For Wells, such a consoling thought was little more than a bucket of water thrown in the direction of encroaching flames. The harmless nature of the book encouraged him to renew his adventurous social life and hold forth once again at the Reform Club. Many among his social circle greeted Mr. Polly with relief, although some, like Shaw and the Webbs, were aware that he continued to see Amber Reeves and seemed heedless of the wreckage the relationship had left in its wake.

Wells was already at work on a very different kind of book, The New Machiavelli. Whatever contrition he harboured had turned to anger at the charge that his books were immoral. He continued to resent Sir Frederick Macmillan’s rejection of Ann Veronica. In February 1910, when he got Jane to send The New Machiavelli to Sir Frederick for publication, it was as much as anything an act of defiance. The book, he told the publisher, would be a political one.

Catherine could see the telltale signs – the restlessness, the irritability, the need for constant movement that in the past had meant another affair, either in progress or just over the horizon. As she had prepared the new book for presentation to a publisher she could tell from it, too, that nothing had really changed since the scandal with Amber Reeves. In fact, The New Machiavelli enlarged on the central themes of Ann Veronica. Once again, her husband ransacked the stuff of his own past. The central character, Richard Remington, writes from exile in Italy, where he is with his young mistress, Isabel Rivers. He has tried to write his own version of The Prince, but has failed. In frustration, he decides to tell the story of his own life, and of the way his private passions have defeated his hopes for a life in public service.

From his early life in Bromstead, a suburb of London, Remington manages to get to Cambridge, where he flirts with socialism and studies political economy. Later he moves to London and manages to forge a successful career as a journalist. While there, he becomes acquainted with Oscar and Altiora Bailey, two leading Fabians whose home is a gathering place for political reformers. He also renews his friendship with Margaret Seddon, a former Cambridge science student of progressive political views whom he had met several years earlier through relatives. Torn between his aspiration to public service and his sexual longings, he sees in Margaret a means of satisfying both needs.

They marry, but it is a marriage without passion from the outset, a life of “generous-spirited insincerities.” Richard wins a seat as a Liberal MP. But while campaigning he meets Isabel Rivers, the young daughter of a constituent. Remington is restless but now feels energized even as he is “beset” by sex. Embracing the suffragette cause, he renews his friendship with Isabel, visiting her in Oxford, and they become lovers. They try to avoid scandal and talk about the moral implications of their illicit affair and the possibility of having an illegitimate child. He discusses his problems with Margaret, who proves to be an understanding soul. Remington is touched by her compassion. He is torn between his commitment to Margaret and his longing for Isabel. Disenchanted with politics, he meets with Isabel in St. James’s Park, and they decide to leave everything behind. The novel ends where it had begun, with Remington and Isabel alone in Italy, where he will write his memoirs and help raise their child.

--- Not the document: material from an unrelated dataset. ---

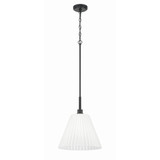 Pleated II 1 Light Pendant 17.5 Inch Tall and 14 Inch Wide by Craftmade - 62392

As Catherine read through the novel, she must have noted the irony. In real life, as Jane, hers was a life lived in the background, always at the periphery of the action, apart from the centre of attention. But in her husband’s novels, she often played a leading role. For here she was again, easily recognizable as Margaret, the ever-understanding, loyal wife. Even her private thoughts were now on display, as when Margaret sends her husband a letter as he is about to leave England: “I’ve always hidden my tears from you – and what was in my heart. It’s my nature to hide – and you, you want things brought to you to see.”39 These were her thoughts, all right, but filtered through his needs. For Catherine, reading this passage, one thing must have been clear: they would soon be moving again.

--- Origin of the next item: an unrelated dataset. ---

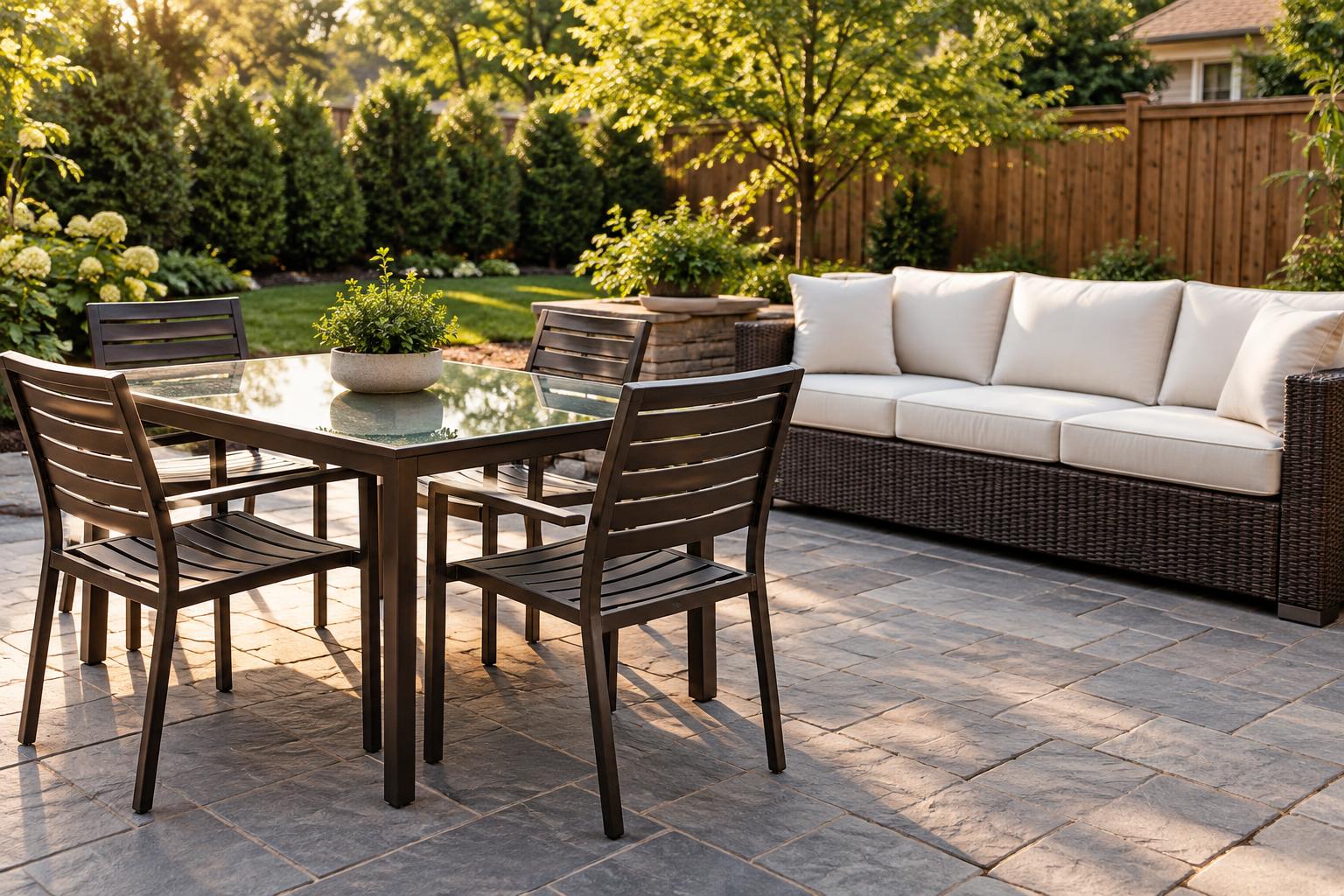 Custom allen roth replacement cushions for patio sets, cut to frame measurements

Assured by Wells’s promise that The New Machiavelli would be a “large and outspoken” political book, and would not revisit the themes of Ann Veronica, Sir Frederick Macmillan had purchased the rights to it sight unseen. Despite his rejection of Ann Veronica, he was nothing if not a good businessman, and he wanted this successful author back. For his part, Wells wanted their relationship to continue. The book was to be published in monthly parts in the English Review, beginning in May. Macmillan could publish it any time after September.40

The publisher was shocked at what he now read. Politics there may have been in the novel, but at its heart was the story of Wells’s relationship with Amber Reeves, now fully fleshed out. Defiant and obviously unrepentant, Wells was, in effect, daring society to tell him that what he had done was truly wrong. But there was also much more than this. Some of the leading lights of London were subject to his acid pen. Not only the Webbs, as the Baileys – “two active self-centred people, excessively devoted to the public service”41 – but, more alarming to Sir Frederick, a good number of its most important politicians in thin disguise.

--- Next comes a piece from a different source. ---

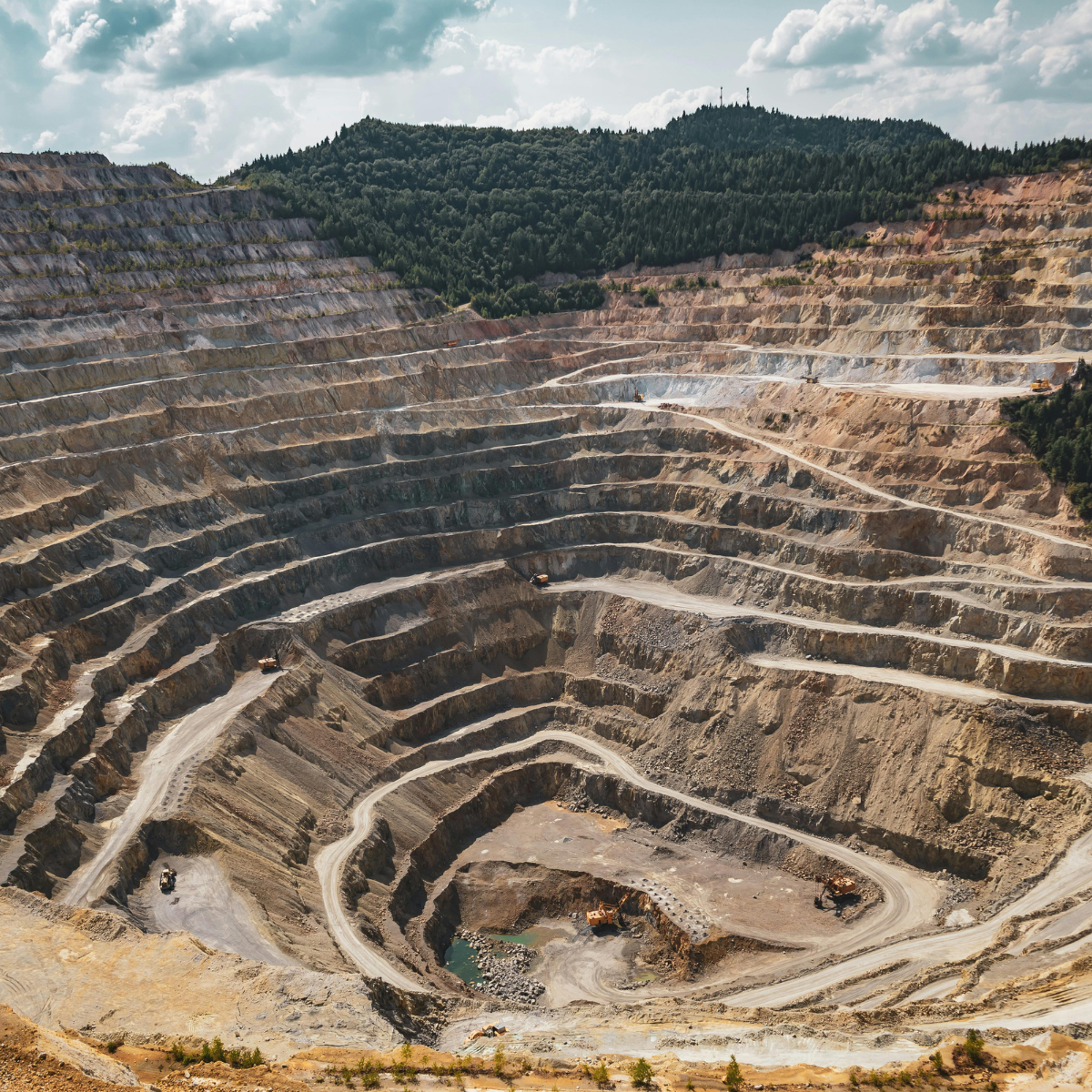 Bridas para minería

Edwardian London was a very large city, but in some ways its circles of social influence and association were decidedly circumscribed. Important men gathered information, formed alliances, and made decisions in the private dining rooms and lounges of its men’s clubs. The centre of influence and Empire was a cloud of cigar smoke, dinner jackets, and decanters of fine wine. In the new novel, much of this was placed on open display for public scrutiny. The situation was intolerable. How could Wells’s publisher hold his head up at the Athenaeum if he published this book? As one of Wells’s biographers puts it: “The scene was crowded with living portraits, and Sir Frederick would have none of it.”42

On June 21, 1910, Sir Frederick sent Wells a letter of rejection. The finished book, he said, was not of the sort they had agreed to. “It is unnecessary for me to particularise,” he went on, “but I feel sure you will agree that the kind of thing we objected to in Ann Veronica is here intensified, and that if we had good reason for rejecting Ann Veronica, there is twice as much reason why we should not publish The New Machiavelli.”43 Their contract had been broken. Wells responded with an angry letter, but Sir Frederick remained adamant, even after seeing revised proofs. He would not publish a book that made adultery some sort of perverted moral virtue.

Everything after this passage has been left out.